Pas besoin de logiciels pour récupérer les fihiers, ils sont cachés tout simplement, donc ya juste a les rendre visible dans les options de windows...!


----------



## plarot_1 (4 Septembre 2004)

super-manu a dit:
			
		

> c'est quelle langue qu'on parle ici ?
> 
> Pas besoin de logiciels pour récupérer les fihiers, ils sont cachés tout simplement, donc ya juste a les rendre visible dans les options de windows...!

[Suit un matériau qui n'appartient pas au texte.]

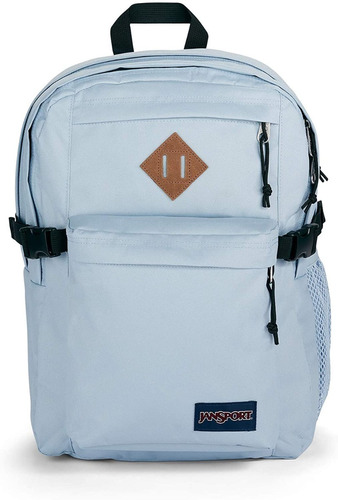 Mochila Jansport Main Campus Blue Dusk Azul Cielo Original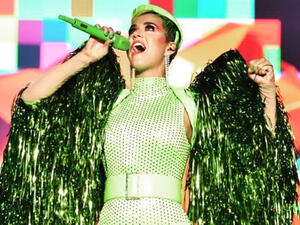 Katy has spent the last year trying to focus on her mental health (Source: katyperry / Instagram )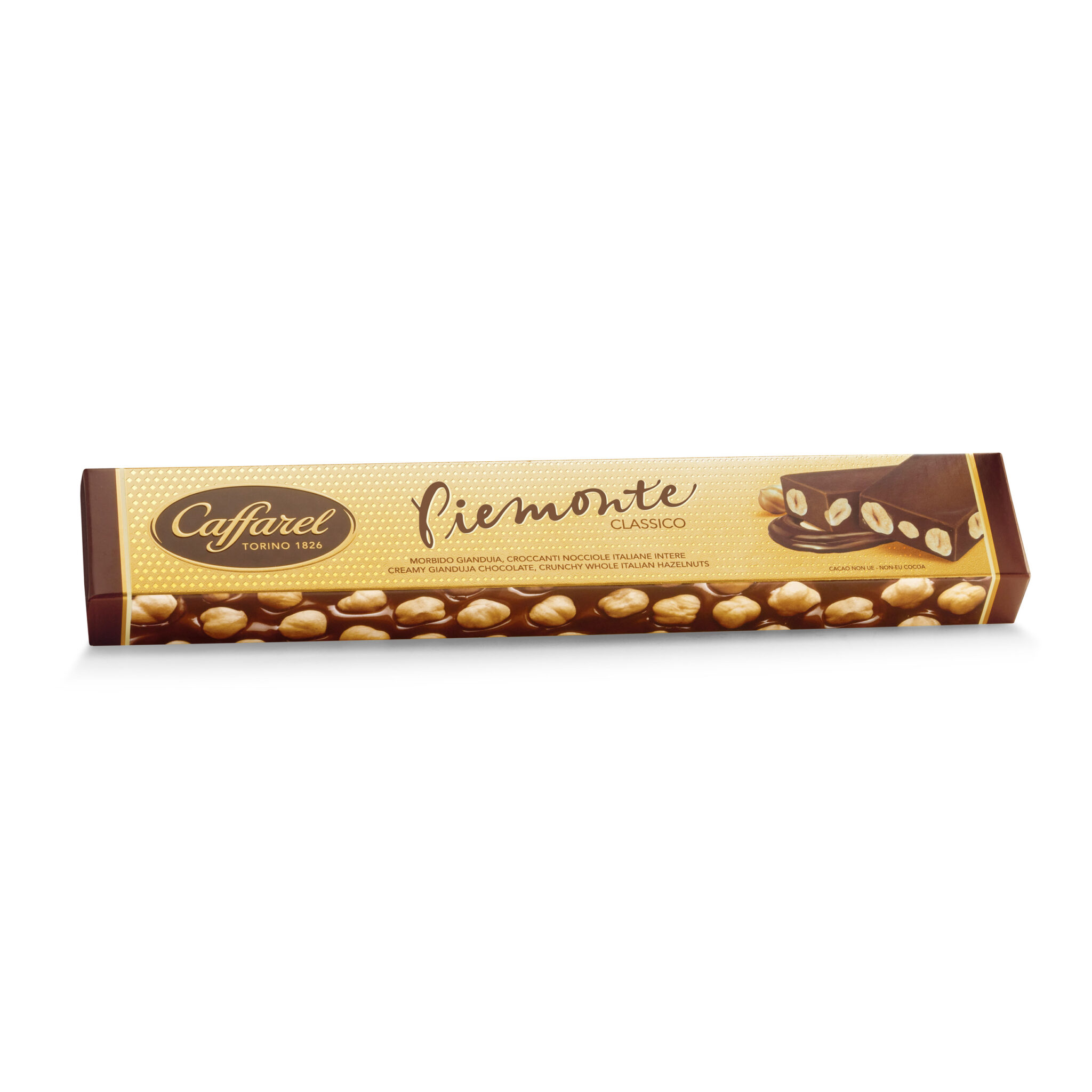 Piemonte classico: barra in astuccio chocolate caffarel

je confirme .. sous xp il suffit de brancher son ipod (pour moi un mini), de l'utiliser comme disque dur, d'aller ds les options des fichiers et d'activer les fichiers cachés, ensuite il faut aller dans *G:\iPod_Control\Music *et la dedans vous aurez tout pleins de répertoires ou il y a tous vos titres ... si vous avez 4Go de musique et si vous cherchez un titre particulier ca va etre long et fastidieux mais si par contre c'est juste pasque vous avez formaté et que vous voulez les récuperer il faut juste les copier .. pas besoin d'enlever de protection ou je ne sais quoi  
allé bye


----------